Wednesday, September 4, 2013

Removing the background of an image

While in the process of polishing up a paper, I had to draw figures using a well-known proprietary program for drawing chemical formula whose name I will not write down, out of decency (but you know which one it is anyway). I'm using the mac version (yes, no version for Linux) which has a neat glitch in that the "Save As" button does not work at all: no way to export your chemical formula as a SVG/PDF/PNG picture or whatever ! So I resorted to the neat Print as PDF feature of macintosh. I had to edit the resulting PDF files by hand as some of the colors were wrong (great !), and when I tried to include the PDF, I realized they had a white background... No way !

So I dug in ImageMagick's convert documentation, and came up with the following code that converts the PDF file into a PNG with a transparent background:

convert -density 600 figure.pdf -channel alpha \
  -fx '((r == 1 && g == 1 && b == 1) ? 0 : 1)' figure.png

There are still some few points that look white but are probably not that white (due to antialiased rendering of the PDF file ?). There are many more things that can be done using the -fx operator, this page was helpful to me !
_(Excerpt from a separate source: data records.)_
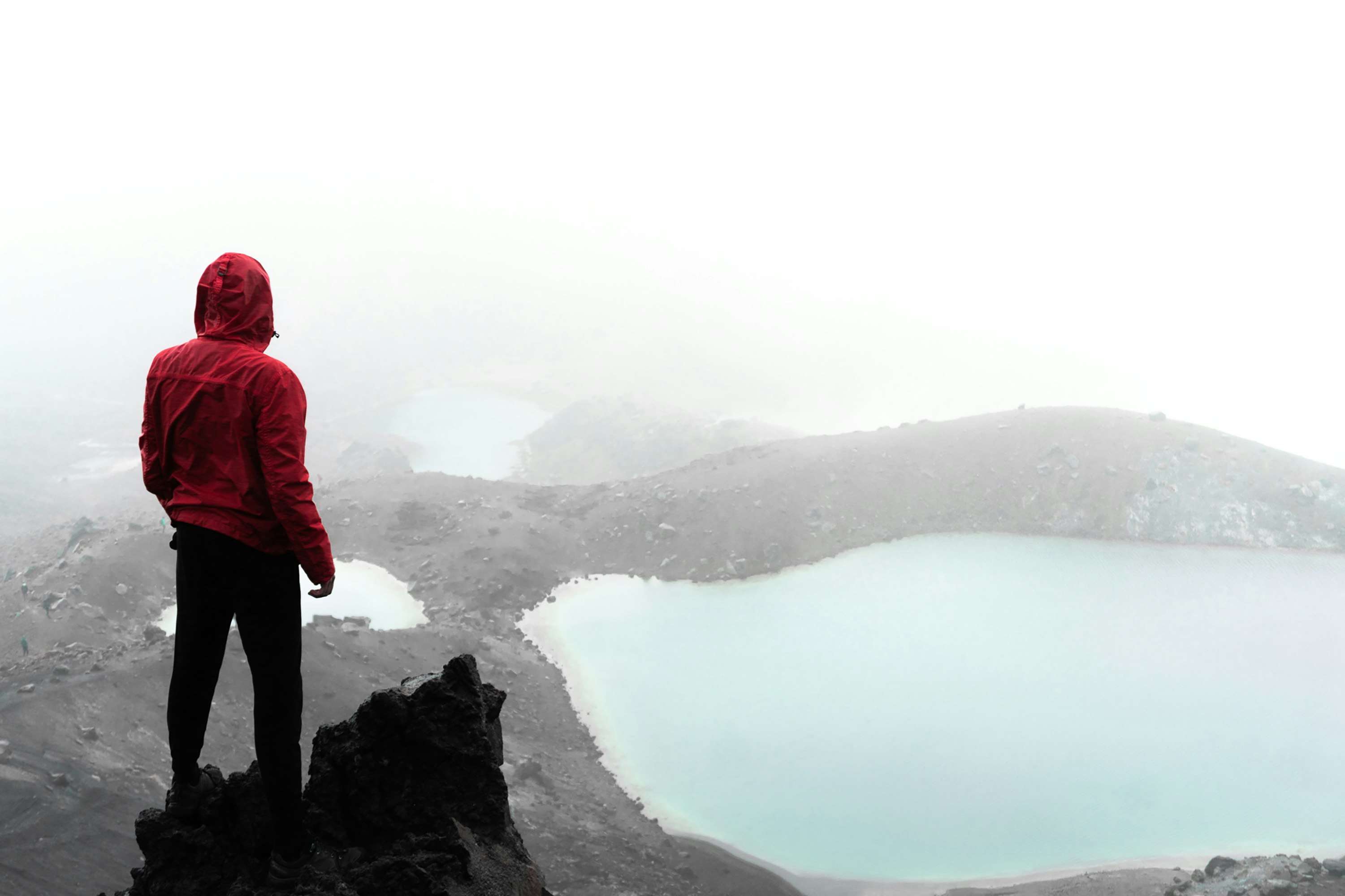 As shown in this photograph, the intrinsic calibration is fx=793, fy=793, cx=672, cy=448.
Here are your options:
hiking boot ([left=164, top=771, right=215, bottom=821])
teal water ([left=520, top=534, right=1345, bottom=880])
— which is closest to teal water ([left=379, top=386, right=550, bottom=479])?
teal water ([left=520, top=534, right=1345, bottom=880])

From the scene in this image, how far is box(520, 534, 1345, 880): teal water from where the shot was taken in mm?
13703

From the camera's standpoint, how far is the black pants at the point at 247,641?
3562 mm

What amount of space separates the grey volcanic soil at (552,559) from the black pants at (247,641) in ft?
21.9

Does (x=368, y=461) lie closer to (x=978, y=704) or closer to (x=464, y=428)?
(x=464, y=428)

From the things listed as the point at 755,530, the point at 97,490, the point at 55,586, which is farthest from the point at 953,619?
the point at 97,490

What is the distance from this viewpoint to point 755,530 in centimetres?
2523

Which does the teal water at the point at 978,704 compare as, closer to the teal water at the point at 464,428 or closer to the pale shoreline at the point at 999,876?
the pale shoreline at the point at 999,876

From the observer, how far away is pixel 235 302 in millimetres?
3641

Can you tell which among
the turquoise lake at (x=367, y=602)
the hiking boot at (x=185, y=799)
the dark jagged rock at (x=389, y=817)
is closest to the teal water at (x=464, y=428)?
the turquoise lake at (x=367, y=602)

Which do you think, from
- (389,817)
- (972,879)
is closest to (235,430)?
(389,817)

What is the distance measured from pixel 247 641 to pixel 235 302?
1.56 metres

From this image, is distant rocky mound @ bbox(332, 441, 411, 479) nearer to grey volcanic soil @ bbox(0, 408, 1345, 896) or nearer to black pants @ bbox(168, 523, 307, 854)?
grey volcanic soil @ bbox(0, 408, 1345, 896)

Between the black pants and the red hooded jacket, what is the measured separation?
11 cm

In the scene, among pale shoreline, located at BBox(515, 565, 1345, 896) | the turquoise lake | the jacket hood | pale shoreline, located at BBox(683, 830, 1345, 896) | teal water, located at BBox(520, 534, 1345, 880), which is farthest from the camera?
the turquoise lake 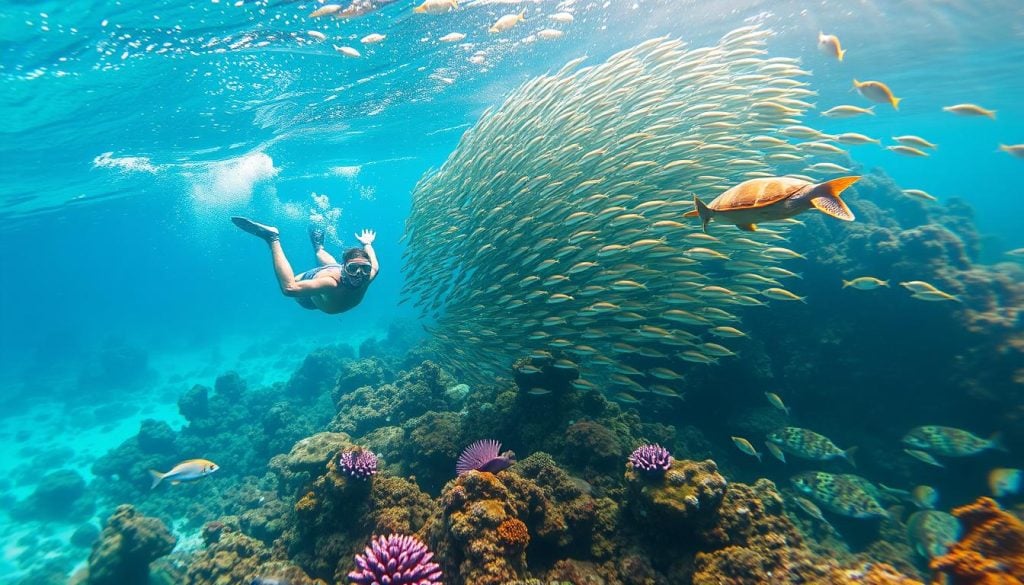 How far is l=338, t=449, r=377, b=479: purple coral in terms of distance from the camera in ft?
16.3

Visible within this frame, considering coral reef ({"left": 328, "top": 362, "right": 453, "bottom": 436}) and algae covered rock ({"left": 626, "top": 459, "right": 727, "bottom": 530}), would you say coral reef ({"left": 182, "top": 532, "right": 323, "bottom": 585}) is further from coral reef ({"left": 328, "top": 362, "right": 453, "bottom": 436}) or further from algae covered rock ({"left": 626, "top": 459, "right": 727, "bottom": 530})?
coral reef ({"left": 328, "top": 362, "right": 453, "bottom": 436})

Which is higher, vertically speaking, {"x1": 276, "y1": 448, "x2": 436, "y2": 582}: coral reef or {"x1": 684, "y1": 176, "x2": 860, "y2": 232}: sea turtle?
{"x1": 684, "y1": 176, "x2": 860, "y2": 232}: sea turtle

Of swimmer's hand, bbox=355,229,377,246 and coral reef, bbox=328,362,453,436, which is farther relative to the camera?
coral reef, bbox=328,362,453,436

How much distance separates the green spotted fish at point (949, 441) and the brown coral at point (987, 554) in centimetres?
443

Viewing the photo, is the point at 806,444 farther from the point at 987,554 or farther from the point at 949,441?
the point at 987,554

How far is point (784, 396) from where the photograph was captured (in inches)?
354

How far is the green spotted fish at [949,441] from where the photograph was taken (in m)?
6.79

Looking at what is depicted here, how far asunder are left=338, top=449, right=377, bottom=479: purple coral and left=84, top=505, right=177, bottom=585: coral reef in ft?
19.5

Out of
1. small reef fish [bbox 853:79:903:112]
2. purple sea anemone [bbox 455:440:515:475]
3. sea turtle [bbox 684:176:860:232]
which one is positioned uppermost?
sea turtle [bbox 684:176:860:232]

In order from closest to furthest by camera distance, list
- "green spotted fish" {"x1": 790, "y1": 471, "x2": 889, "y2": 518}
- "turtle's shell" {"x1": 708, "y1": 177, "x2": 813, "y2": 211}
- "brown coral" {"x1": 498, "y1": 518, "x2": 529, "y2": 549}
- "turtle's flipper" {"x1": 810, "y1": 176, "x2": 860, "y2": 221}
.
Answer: "turtle's flipper" {"x1": 810, "y1": 176, "x2": 860, "y2": 221}, "turtle's shell" {"x1": 708, "y1": 177, "x2": 813, "y2": 211}, "brown coral" {"x1": 498, "y1": 518, "x2": 529, "y2": 549}, "green spotted fish" {"x1": 790, "y1": 471, "x2": 889, "y2": 518}

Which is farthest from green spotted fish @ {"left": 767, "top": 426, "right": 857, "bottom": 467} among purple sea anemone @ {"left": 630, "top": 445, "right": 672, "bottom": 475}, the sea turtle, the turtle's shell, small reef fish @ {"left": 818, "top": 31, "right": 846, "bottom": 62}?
small reef fish @ {"left": 818, "top": 31, "right": 846, "bottom": 62}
Edit: while the alpha channel seems to be on by default for PDF files, it is not necessarily the case for all images. If the above doesn't work, try adding -alpha Set before the -fx bit.

6 comments:

Anonymous said...

Hi Vincent.
As a scientist myself, I understand perfectly:)
Anyhow, if the number of your PDFs is of reasonably small order, you could try to:
1. Import your PDF into GIMP
2. Use the function named, ehm, "transform color to alpha" (or something like that) in "colors" menu. Choose white.

Results are FAR better, I believe. Also, Elsevier totally digs EPS-es (and others) exported in GIMP, so it is one of my primary 'publication' tools:)

I wish your papers good reviews.
regards
w.

Vincent Fourmond said...

That's a good tip: the quality is indeed better: while with imagemagick there is still a bit of white lingering around the black lines of the chemical figure, gimp does the thing properly.

I have no clue what is the difference, though, since in principle that's the same rendering engine (ie ghostscript). They must be using different options (there are so many).

Downside is, it's not command-line enough for me ;-)!

Thanks for your kind words !

Vincent Fourmond said...

Got it, it's aliasing. If I convert to PPM beforehand using pdftoppm and disabling antialiasing or using the option +antialias, it looks better (though still not as good as gimp, I wonder how they do it !)

nurul said...

I visited your site.I liked your sites.You wrote about the background removal.It is very helpful for using photoshop.I will visite your site again as soon as possible.

Anonymous said...

Would tikz and its associated packages for chemical plotting not work for this particular use case?

chrysn said...

you could try opening the pdf in inkscape. that will allow you to ungroup the image, identify the background plane, and remove it. that way, your vector graphics will stay vector graphics. (worst case you'd have to run the pdf through pdf2ps/ps2pdf before.)